### COLLECTED MATERIAL
^^^^^^^^
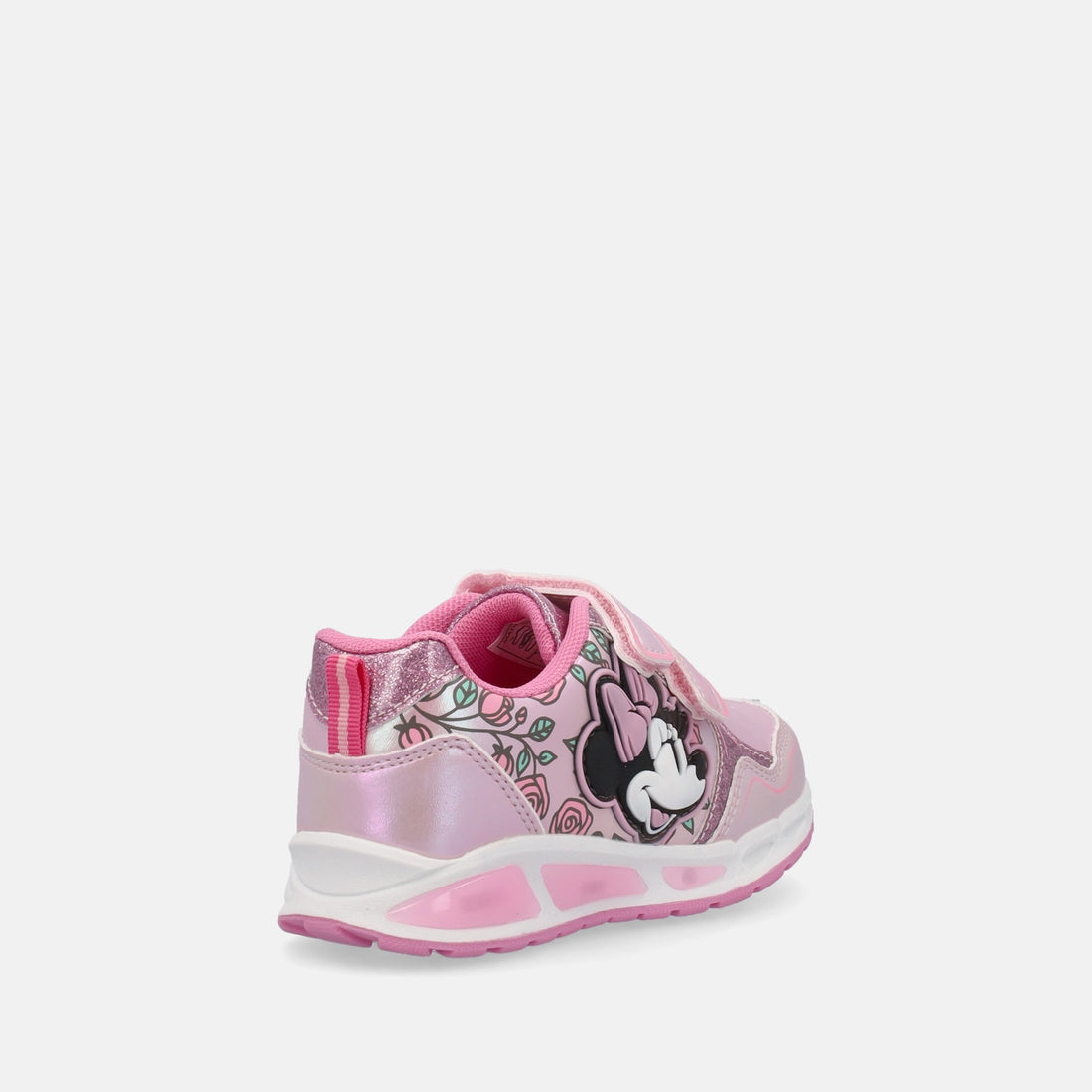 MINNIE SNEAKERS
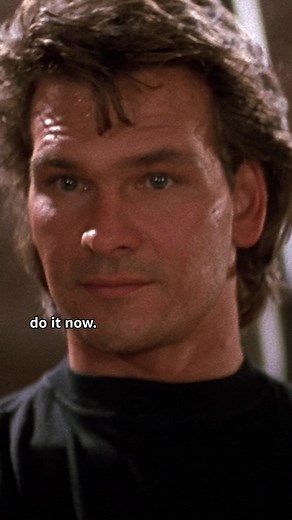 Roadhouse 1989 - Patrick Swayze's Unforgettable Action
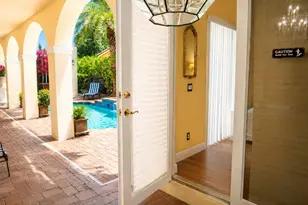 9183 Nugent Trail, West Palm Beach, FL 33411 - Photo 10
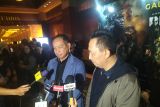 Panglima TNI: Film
^^^^^^^^
### EXERCISE DETAILS
In your output, include only the lines from the line containing "9183 Nugent Trail, West" through the last line of the material above, exactly as they appear, and leave out the pictures.

### RESPONSE BELOW
 9183 Nugent Trail, West Palm Beach, FL 33411 - Photo 10
 Panglima TNI: Film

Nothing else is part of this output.